### [DATA SHOWN]
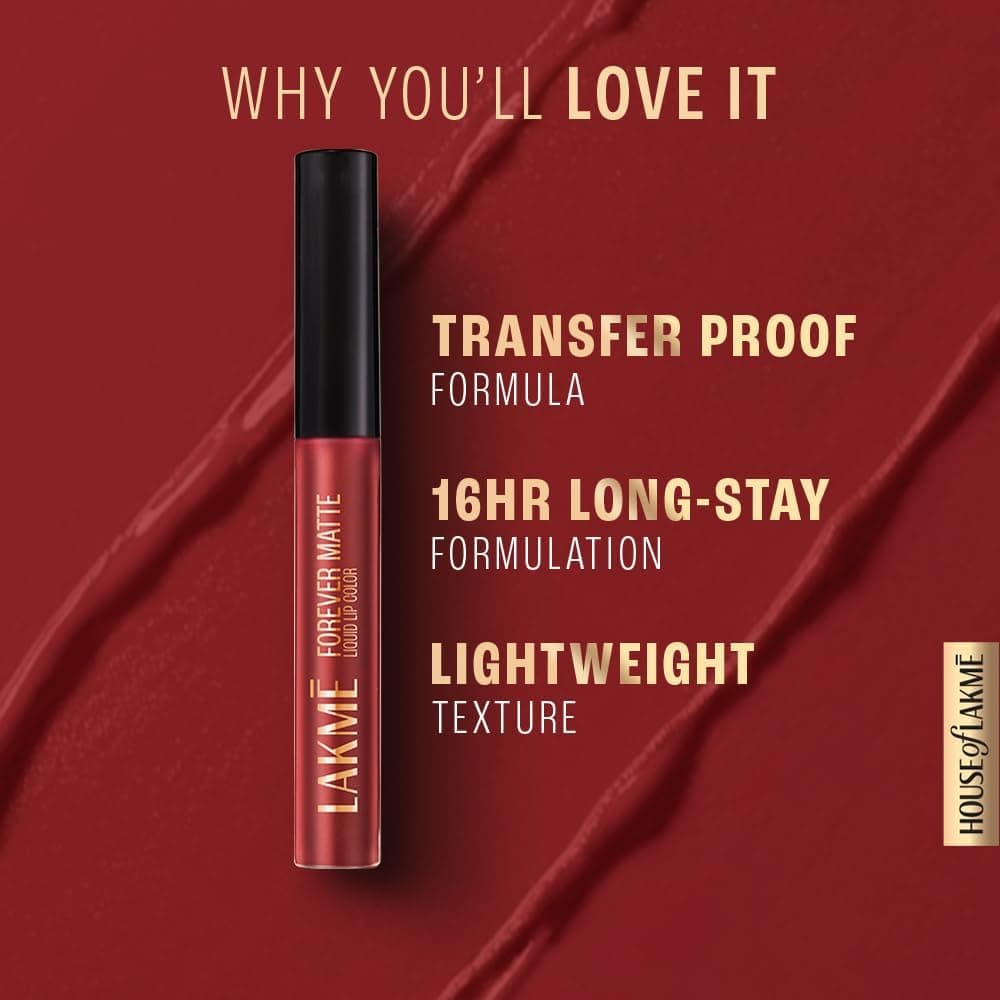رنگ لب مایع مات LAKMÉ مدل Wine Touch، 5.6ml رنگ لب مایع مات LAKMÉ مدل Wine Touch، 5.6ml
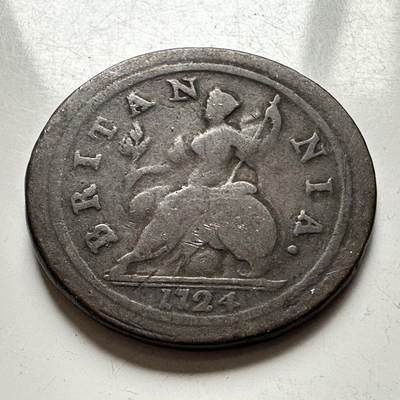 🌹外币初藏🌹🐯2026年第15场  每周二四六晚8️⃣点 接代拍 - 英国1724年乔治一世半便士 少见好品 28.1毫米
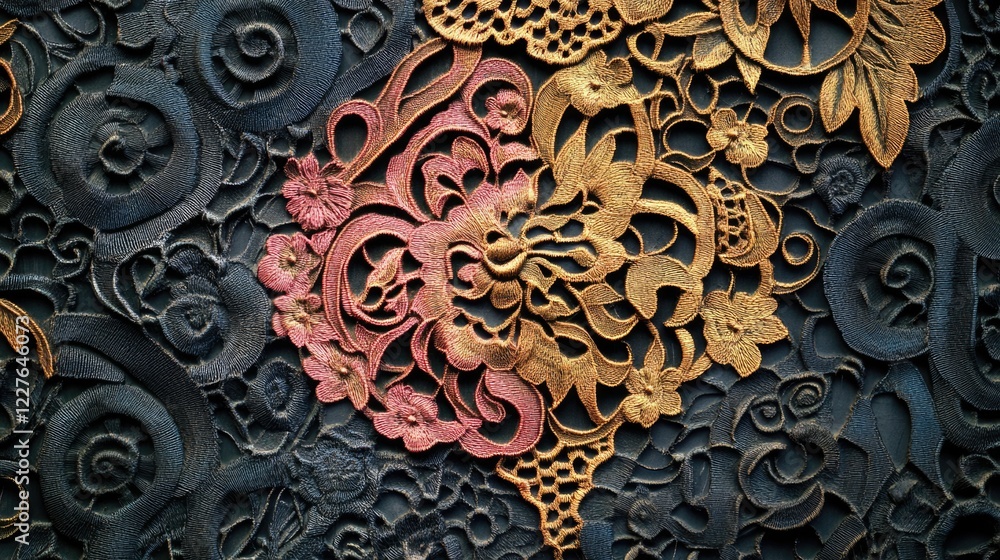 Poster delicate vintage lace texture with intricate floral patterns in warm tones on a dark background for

### [PROBLEM DESCRIPTION]
Once the images are set aside, retype all of the material above exactly.

### [SOLUTION BELOW]
رنگ لب مایع مات LAKMÉ مدل Wine Touch، 5.6ml رنگ لب مایع مات LAKMÉ مدل Wine Touch، 5.6ml
 🌹外币初藏🌹🐯2026年第15场  每周二四六晚8️⃣点 接代拍 - 英国1724年乔治一世半便士 少见好品 28.1毫米
 Poster delicate vintage lace texture with intricate floral patterns in warm tones on a dark background for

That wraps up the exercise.